Linux Fu: Automatic Header File Generation

I’ve tried a lot of the “newer” languages and, somehow, I’m always happiest when I go back to C++ or even C. However, there is one thing that gets a little on my nerves when I go back: the need to have header files with a declaration and then a separate file with almost the same information duplicated. I constantly make a change and forget to update the header, and many other languages take care of that for you. So I went looking for a way to automate things. Sure, some IDEs will automatically insert declarations but I’ve never been very happy with those for a variety of reasons. I wanted something lightweight that I could use in lots of different toolsets.

I found an older tool, however, that does a pretty good job, although there are a few limitations. The tool seems to be a little obscure, so I thought I’d show you what makeheaders — part of the Fossil software configuration management system. The program dates back to 1993 when [Dwayne Richard Hipp] — the same guy that wrote SQLite — created it for his own use. It isn’t very complex — the whole thing lives in one fairly large C source file but it can scan a directory and create header files for everything. In some cases, you won’t need to make big changes to your source code, but if you are willing, there are several things you can do.

The Problem

Suppose you have two C files that cooperate. Let’s say you have A.c and B.c. Inside the A file, you have a simple function:


double ctof(double c)
{
  return (9.0*c)/5+32.0;
}

If you expect to use this inside file B, there needs to be a declaration so that when you compile B, the compiler can know that the function takes a single double argument and returns a double. With ANSI C (and C++) you need something like:

double ctof(double c);

There’s no actual programming, just a note to the compiler about what the function looks like. This is what you call a prototype. Normally, you’ll create a header file with the prototype. You can include that header in both A.c and B.c.

The problem is when you change the function in A.c:

double ctof(double c1, int double c2)
{
  return (9.0*(c1+c2))/5+32.0;
}

If you don’t change the header to match, you’ll have problems. Not only that, but you need to make the same change. If you make a mistake and mark the arguments as floats in the header, that won’t work either.

The Program

Assuming you’ve installed the software, you can simply run it passing all the C and H files you want it to scan. Usually, the glob *.[ch] will do the trick. You can also use it with .cpp files and even a mix. By default, this will pull all the global variable declarations and global functions you define into a series of header files.

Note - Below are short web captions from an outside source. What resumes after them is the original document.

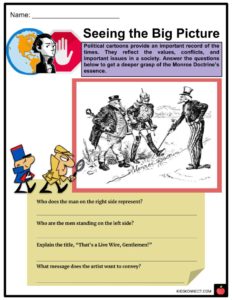 Monroe Doctrine Facts, Worksheets, History, Reasons & Impact For Kids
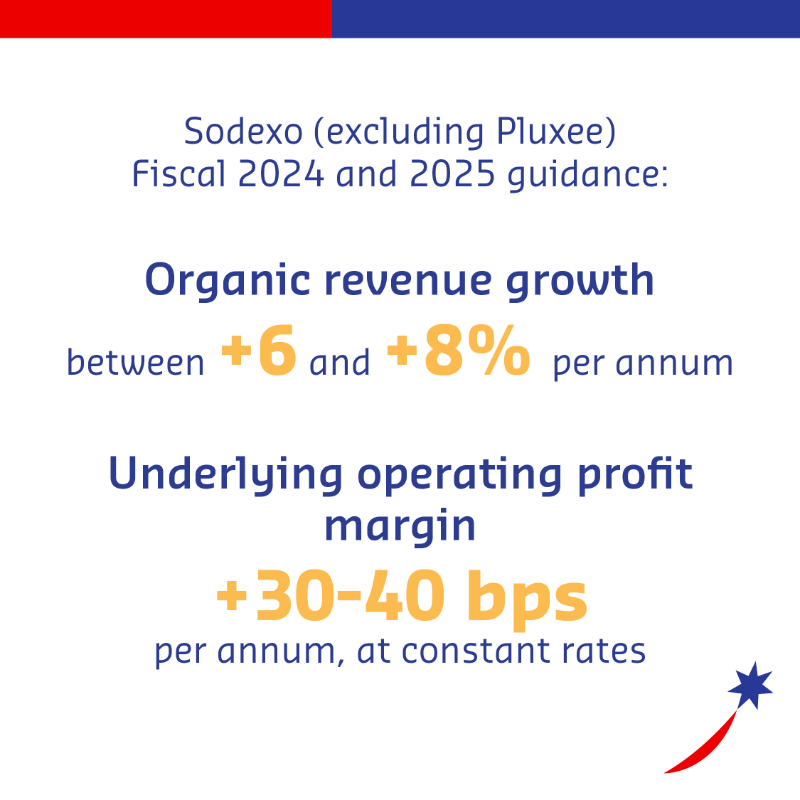 SodexoGroup's tweet photo. This morning, we announce our Fiscal 2023 results. We are pleased to share that they are above guidance with a strong performance: 

➡️ Group organic revenue growth at +11.6%
➡️ Group underlying operating profit margin at 5.6% (+60 bps)

Webcast 9AM (CET)👉https://t.co/0PE9dZfbYn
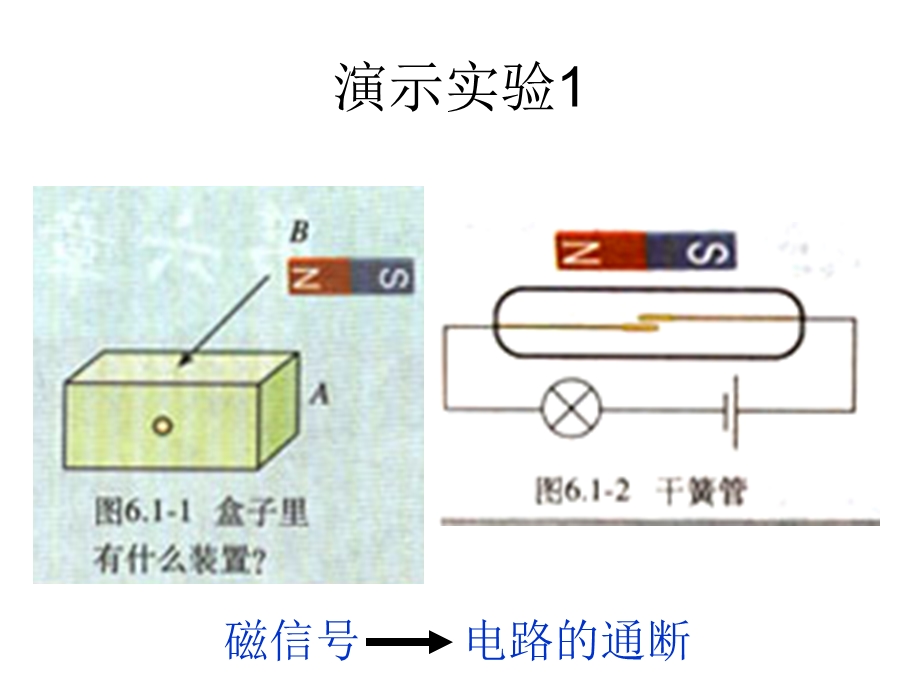 传感器课件教科版选修.ppt_第3页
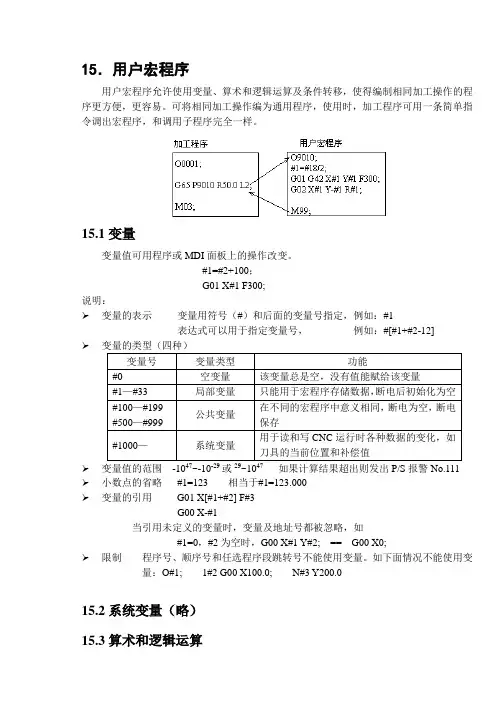 Fanuc系统宏程序教程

Why a series? The program makes an odd assumption that makes sense once you think about it. Since the headers are automatically generated, it doesn’t make sense to reuse the headers. Instead, each source file gets its own customized header file. The program puts in what is necessary and in the right order. So A.c will use A.h and B.c will use B.h. There won’t be any cross-dependency between the two headers. If something changes, you simply run the program again to regenerate the header files.

What Gets Copied?

Here’s what the documentation says gets copied into header files:

  • When a function is defined in any .c file, a prototype of that function is placed in the generated .h file of every .c file that calls the function. If the “static” keyword of C appears at the beginning of the function definition, the prototype is suppressed. If you use the “LOCAL” keyword where you would normally say “static”, then a prototype is generated, but it will only appear in the single header file that corresponds to the source file containing the function. However, no other generated header files will contain a prototype for the static function since it has only file scope. If you invoke makeheaders with a “-local” command-line option, then it treats the “static” keyword like “LOCAL” and generates prototypes in the header file that corresponds to the source file containing the function definition.
  • When a global variable is defined in a .c file, an “extern” declaration of that variable is placed in the header of every .c file that uses the variable.
    When a structure, union, or enumeration declaration or a function prototype or a C++ class declaration appears in a manually produced .h file, that declaration is copied into the automatically generated .h files of all .c files that use the structure, union, enumeration, function or class. But declarations that appear in a .c file are considered private to that .c file and are not copied into any automatically generated files.
  • All #defines and typedefs that appear in manually produced .h files are copied into automatically generated .h files as needed. Similar constructs that appear in .c files are considered private to those files and are not copied. When a structure, union, or enumeration declaration appears in a .h file, makeheaders will automatically generate a typedef that allows the declaration to be referenced without the “struct”, “union” or “enum” qualifier.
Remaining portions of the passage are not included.